I was allowed to read widely and deeply. I was the "One more chapter!" kid. It must have been irritating at times. Now we complain about kids with their faces glued to screens; we'd love to have a kid with a nose stuck in a book. But regardless of what's calling the attention away from what must be done, it must be maddening for a parent. I was often allowed to read beyond the time limit. I'm grateful for that.
--I was allowed to explore the gift of cooking. One of the first things I made: biscuits. Later, I'd become a vegetarian, which my mom encouraged. I made wonderful vegetarian meals for the whole family, instead of being the vegetarian who ate a solitary meal while the rest of the family ate burgers.
I remember a summer when we baked bread together. We had seminarians who loved bread baking, and they were coming over for dinner. We baked our first batch of bread, and I was hooked.
For the most part, I had free reign in the kitchen, as long as I cleaned up--another valuable lesson. I have since had housemates who didn't mind cleaning up a mound of dirty dishes if they got some good food, but my mom taught me the value of cleaning up after my projects.
--My mom encouraged every sort of creativity. My mom is a gifted musician. I wish I had more of her talent. I wish I had cultivated the musical talent that I do have. It's not my mom's fault. She never told me I couldn't sing--no, there were other forces in the world who were happy to do that. She always implored me to practice the piano. I have a friend whose mom banned piano practice during much of the day, which curtailed my friend's creativity. That was not my mom.
We had all sorts of art supplies in my childhood home. I remember creating a house out of appliance boxes in the garage, and my mom telling the babysitter to let me do that until bed time. I wrote and illustrated stories, and no one in my house said it was a waste of time.
--What I love most about my mom is that she encouraged my sister and me to be the kind of woman we wanted to be. My mom did not require me to be a girly girl, which would have frustrated us both. I was a tomboy (do we still use that word?) and that was O.K. And yet, if I wanted to clean up a bit, she encouraged that too: we got good haircuts when we wanted them, and if we couldn't always make our hair behave, well, we learned to live with that. We went to Merle Norman and the Clinique counter for make overs. I hated the way I looked with heavy make up, and my mother, to her credit, didn't insist.

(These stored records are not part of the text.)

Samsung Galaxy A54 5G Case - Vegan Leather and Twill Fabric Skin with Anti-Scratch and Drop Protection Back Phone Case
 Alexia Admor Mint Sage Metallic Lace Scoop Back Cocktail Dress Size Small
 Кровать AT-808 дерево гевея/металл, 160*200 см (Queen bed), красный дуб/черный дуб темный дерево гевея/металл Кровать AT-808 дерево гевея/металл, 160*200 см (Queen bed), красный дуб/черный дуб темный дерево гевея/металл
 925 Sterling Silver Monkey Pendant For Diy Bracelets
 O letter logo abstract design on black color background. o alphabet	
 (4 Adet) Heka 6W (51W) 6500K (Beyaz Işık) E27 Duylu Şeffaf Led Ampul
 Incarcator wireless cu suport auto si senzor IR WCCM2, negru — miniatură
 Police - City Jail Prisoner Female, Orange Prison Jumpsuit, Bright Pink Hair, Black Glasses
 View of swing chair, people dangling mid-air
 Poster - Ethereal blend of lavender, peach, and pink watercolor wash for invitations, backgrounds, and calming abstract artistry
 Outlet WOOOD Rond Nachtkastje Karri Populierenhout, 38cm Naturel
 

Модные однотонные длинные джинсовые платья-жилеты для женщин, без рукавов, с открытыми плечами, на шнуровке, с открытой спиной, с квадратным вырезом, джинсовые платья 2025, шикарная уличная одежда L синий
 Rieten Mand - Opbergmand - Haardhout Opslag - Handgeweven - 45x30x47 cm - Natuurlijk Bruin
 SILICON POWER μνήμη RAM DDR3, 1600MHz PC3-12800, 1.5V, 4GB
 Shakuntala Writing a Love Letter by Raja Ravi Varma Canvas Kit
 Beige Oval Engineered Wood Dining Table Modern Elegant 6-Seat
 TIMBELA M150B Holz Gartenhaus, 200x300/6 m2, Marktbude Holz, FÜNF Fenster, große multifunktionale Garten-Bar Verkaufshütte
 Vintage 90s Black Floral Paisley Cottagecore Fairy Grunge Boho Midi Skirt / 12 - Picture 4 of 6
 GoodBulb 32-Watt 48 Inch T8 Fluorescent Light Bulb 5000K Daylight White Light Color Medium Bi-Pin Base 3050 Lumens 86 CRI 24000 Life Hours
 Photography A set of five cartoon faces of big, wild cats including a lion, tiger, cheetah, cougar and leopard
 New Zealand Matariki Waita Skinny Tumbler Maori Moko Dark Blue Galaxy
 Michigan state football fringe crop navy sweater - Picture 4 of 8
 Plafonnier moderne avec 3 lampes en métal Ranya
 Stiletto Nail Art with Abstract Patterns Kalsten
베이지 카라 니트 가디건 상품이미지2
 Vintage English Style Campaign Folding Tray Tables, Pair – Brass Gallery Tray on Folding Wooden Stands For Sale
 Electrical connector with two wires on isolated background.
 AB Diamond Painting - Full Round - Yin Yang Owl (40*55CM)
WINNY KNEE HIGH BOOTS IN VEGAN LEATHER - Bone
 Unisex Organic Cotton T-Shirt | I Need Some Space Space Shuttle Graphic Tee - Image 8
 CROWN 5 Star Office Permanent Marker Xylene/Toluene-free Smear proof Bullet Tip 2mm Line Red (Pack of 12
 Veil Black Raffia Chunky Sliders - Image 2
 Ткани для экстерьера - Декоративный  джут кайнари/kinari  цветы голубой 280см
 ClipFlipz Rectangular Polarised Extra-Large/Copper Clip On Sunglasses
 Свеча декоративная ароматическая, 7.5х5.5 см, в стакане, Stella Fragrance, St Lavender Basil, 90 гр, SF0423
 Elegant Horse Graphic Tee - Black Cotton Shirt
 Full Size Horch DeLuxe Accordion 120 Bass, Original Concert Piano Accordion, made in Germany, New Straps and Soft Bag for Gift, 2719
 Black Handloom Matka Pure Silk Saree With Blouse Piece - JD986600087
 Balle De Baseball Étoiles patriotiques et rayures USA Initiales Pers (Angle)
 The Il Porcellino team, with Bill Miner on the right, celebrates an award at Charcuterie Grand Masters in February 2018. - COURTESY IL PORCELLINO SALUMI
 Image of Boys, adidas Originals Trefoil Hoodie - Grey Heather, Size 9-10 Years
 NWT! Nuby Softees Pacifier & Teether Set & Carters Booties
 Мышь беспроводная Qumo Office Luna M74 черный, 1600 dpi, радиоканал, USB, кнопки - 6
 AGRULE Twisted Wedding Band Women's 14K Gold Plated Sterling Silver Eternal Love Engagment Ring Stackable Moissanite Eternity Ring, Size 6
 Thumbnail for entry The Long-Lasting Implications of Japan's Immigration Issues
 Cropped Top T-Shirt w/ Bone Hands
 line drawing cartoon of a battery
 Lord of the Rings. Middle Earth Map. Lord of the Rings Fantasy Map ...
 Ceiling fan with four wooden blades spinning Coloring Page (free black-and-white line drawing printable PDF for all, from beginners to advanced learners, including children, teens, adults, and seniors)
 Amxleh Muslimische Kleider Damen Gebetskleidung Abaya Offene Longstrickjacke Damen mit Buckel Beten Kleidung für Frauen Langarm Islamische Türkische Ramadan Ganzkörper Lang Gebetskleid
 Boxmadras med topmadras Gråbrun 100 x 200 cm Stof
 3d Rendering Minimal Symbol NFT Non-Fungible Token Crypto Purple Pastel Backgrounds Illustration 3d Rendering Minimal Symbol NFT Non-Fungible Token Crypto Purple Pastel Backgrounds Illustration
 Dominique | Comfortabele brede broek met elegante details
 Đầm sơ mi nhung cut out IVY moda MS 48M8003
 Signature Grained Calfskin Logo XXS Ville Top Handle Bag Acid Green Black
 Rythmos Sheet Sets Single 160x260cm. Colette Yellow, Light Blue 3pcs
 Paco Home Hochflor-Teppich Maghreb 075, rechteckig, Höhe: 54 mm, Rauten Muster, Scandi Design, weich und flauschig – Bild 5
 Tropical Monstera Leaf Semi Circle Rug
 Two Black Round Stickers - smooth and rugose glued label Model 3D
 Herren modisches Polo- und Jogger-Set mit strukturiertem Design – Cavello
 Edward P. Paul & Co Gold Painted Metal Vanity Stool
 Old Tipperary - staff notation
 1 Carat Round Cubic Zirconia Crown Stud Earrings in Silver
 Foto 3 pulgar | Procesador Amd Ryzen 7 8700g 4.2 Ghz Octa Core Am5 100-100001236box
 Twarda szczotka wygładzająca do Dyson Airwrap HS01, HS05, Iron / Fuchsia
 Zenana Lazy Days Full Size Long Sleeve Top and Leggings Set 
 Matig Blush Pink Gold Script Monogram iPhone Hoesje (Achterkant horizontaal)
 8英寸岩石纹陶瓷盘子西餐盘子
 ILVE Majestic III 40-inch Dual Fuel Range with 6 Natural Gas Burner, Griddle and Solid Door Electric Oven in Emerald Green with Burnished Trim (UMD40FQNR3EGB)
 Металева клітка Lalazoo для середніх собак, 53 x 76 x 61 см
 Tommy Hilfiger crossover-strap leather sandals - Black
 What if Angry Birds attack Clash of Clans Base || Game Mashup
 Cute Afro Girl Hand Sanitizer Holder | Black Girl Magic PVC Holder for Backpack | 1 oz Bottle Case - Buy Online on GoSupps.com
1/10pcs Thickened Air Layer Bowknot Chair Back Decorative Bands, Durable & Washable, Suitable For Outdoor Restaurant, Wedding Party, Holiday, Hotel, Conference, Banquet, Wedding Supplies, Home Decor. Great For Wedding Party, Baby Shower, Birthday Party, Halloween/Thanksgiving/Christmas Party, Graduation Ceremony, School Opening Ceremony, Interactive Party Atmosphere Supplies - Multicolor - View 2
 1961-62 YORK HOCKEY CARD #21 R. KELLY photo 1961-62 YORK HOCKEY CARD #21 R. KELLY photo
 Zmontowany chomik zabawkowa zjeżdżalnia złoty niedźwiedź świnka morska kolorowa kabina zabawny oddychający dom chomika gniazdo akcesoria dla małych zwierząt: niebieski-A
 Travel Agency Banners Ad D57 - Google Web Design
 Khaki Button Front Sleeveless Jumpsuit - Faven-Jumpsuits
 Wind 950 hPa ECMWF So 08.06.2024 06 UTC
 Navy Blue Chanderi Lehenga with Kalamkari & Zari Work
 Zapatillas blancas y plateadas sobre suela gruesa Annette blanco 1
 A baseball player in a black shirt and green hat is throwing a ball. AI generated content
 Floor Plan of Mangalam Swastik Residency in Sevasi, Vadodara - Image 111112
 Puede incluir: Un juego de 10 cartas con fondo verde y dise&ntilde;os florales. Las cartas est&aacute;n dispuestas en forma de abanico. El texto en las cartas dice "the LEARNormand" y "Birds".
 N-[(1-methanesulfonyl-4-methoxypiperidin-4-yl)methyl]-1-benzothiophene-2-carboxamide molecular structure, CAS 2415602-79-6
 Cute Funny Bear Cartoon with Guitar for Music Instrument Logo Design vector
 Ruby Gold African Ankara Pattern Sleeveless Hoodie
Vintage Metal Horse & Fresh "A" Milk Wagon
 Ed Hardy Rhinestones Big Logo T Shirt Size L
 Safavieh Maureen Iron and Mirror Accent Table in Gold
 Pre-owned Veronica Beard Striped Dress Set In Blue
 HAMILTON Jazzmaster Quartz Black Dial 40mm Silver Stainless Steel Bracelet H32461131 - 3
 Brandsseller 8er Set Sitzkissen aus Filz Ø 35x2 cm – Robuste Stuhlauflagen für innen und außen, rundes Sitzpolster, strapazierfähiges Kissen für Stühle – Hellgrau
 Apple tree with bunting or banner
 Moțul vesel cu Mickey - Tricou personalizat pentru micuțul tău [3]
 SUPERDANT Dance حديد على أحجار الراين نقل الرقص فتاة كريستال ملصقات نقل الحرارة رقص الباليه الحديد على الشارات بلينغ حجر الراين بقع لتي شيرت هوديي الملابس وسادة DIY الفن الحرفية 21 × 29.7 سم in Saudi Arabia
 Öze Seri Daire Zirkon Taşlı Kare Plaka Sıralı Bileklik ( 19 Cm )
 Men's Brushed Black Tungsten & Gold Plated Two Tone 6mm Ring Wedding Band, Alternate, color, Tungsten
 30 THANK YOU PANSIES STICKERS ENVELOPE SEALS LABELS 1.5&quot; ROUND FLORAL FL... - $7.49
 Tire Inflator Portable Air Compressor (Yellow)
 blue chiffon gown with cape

We live in the water of our culture, and we'd have liked to have been thinner, my mom and me. We have the same pear shaped body. We tried different diets together, but happily, when we couldn't live in those restrictions, we let it go. My mom and dad both encouraged the pursuit of thinness through athleticism: for a time, we were a family of runners. There was never a suggestion that I'd hurt my reproductive system through a fierce workout, although others did suggest that. In high school, I ran long distances, 6 miles day after day, and that was O.K.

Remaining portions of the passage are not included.